» Work instructions
If a line in the entries contains the word "Duty", list it.

» Items from a dataset
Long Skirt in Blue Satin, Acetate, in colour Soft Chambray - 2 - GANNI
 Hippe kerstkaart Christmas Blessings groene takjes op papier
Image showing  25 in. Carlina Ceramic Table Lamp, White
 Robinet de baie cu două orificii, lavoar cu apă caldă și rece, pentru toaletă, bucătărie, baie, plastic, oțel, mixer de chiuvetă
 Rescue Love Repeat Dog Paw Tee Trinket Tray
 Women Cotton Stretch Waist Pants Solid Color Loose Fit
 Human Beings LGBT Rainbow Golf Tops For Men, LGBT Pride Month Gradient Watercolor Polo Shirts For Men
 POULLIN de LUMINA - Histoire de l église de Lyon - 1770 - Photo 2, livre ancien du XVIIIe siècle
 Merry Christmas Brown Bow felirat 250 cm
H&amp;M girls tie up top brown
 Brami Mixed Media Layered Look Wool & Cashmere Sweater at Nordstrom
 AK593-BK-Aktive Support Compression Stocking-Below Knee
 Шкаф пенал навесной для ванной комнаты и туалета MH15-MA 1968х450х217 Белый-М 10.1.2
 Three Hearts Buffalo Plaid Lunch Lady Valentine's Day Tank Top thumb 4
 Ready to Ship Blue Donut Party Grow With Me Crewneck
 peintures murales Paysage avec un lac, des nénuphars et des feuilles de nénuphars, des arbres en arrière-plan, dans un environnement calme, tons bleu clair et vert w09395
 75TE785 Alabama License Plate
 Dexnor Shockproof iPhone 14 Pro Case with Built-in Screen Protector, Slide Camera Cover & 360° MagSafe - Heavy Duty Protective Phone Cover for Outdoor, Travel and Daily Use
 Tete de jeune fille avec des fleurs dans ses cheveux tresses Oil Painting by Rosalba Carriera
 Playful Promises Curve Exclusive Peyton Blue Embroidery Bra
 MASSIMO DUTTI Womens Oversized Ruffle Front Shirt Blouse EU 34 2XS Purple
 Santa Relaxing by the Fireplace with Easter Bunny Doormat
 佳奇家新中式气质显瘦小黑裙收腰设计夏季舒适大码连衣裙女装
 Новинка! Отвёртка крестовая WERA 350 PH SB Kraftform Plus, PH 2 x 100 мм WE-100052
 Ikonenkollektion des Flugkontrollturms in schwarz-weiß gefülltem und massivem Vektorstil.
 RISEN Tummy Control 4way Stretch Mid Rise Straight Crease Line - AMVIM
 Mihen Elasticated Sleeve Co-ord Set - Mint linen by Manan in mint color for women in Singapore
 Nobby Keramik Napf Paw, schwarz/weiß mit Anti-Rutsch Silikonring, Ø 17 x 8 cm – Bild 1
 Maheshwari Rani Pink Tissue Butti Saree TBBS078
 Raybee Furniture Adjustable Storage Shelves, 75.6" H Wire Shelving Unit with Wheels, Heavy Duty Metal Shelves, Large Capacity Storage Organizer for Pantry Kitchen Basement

» Answer to this exercise
 Dexnor Shockproof iPhone 14 Pro Case with Built-in Screen Protector, Slide Camera Cover & 360° MagSafe - Heavy Duty Protective Phone Cover for Outdoor, Travel and Daily Use
 Raybee Furniture Adjustable Storage Shelves, 75.6" H Wire Shelving Unit with Wheels, Heavy Duty Metal Shelves, Large Capacity Storage Organizer for Pantry Kitchen Basement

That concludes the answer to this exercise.